The U.S. Court of Appeals for the Ninth Circuit today in a case of “first impression” held that the taxpayers—life insurance policyholders—did not have any basis in a mutual life insurance company’s membership rights, and thus, their basis in the stock derived from the demutualization of the mutual insurance companies was zero ($0).
The case is: Dorrance v. United States, Nos. 13-16548 and 13-16635 (9th Cir. December 9, 2015). Read the Ninth Circuit’s decision [PDF 147 KB] that includes a dissent.
The taxpayers received and then sold stock derived from the demutualization of five mutual life insurance companies from which they had purchased life insurance policies. On filing their individual income tax return, the taxpayers initially asserted a zero cost basis in the stock and paid tax on the gain. Later, they filed a claim for a refund of the full amount of taxes paid on the stock sale. They asserted that the stock represented a return of previously paid policy premiums or, alternatively, that the premiums paid would be counted toward their basis in the stock because their mutual rights were incapable of valuation.
The IRS denied the refund claim, and the taxpayers filed a refund action in federal district court. The lower court held that the taxpayers had a calculable basis in the stock (but not at the level claimed by the taxpayers) and determined that they were entitled to a partial refund.
The Ninth Circuit today reversed, finding that taxpayers who sell stock obtained through demutualization cannot claim a basis in that stock for tax purposes because they had a zero basis in the mutual rights that were extinguished during the demutualization.
The difference between contract rights and membership rights was critical to the resolution of this case. The Ninth Circuit found that the premiums paid covered the rights under the insurance contract, but not any membership rights. Thus, the value at demutualization was not derived from something paid for by the taxpayers.

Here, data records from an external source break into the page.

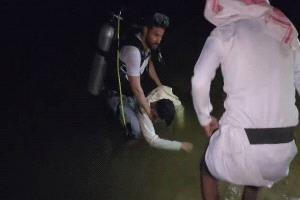 وفاة رجلين وامرأة وإنقاذ أخرى في حادثة غرق مأساوية بتحويلة سد مأرب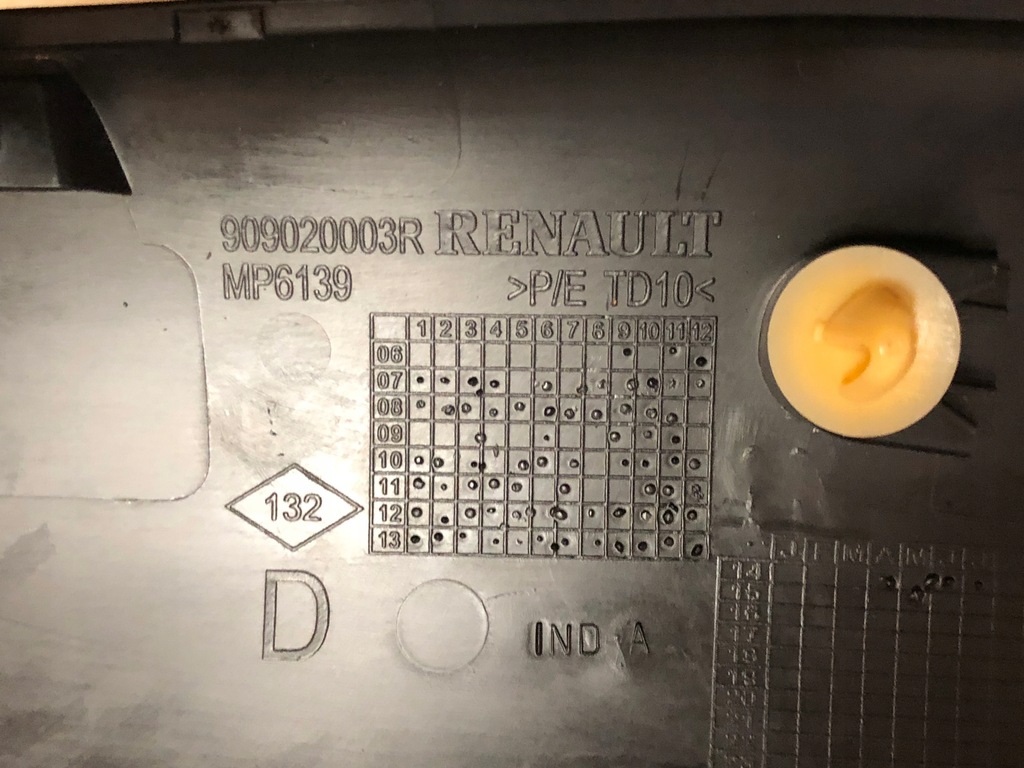 фото №6, Renault laguna iii 909020003r пластик стійка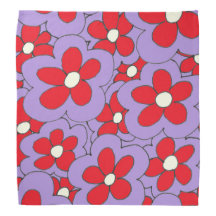 Colorful Flower Design Purple Red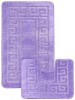 Set 2 Covorase Baie Model Ethnic 2539, Marimi 50 x 80 40 x 50 cm, Mov, Antiderapant, Antialergic, Polipropilena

The “zero basis” issue and the open transaction doctrine were also considered in prior cases—one in 2009 in the Federal Circuit (Fisher) that affirmed a U.S. Court of Federal Claims decision for the taxpayer, and the other from 2013 in the D.C. Circuit (Reuben) that was decided in favor of the government. With today’s Ninth Circuit decision for the government, the split among the circuit courts continues, until or unless the taxpayers seek review by the U.S. Supreme Court to resolve the issue.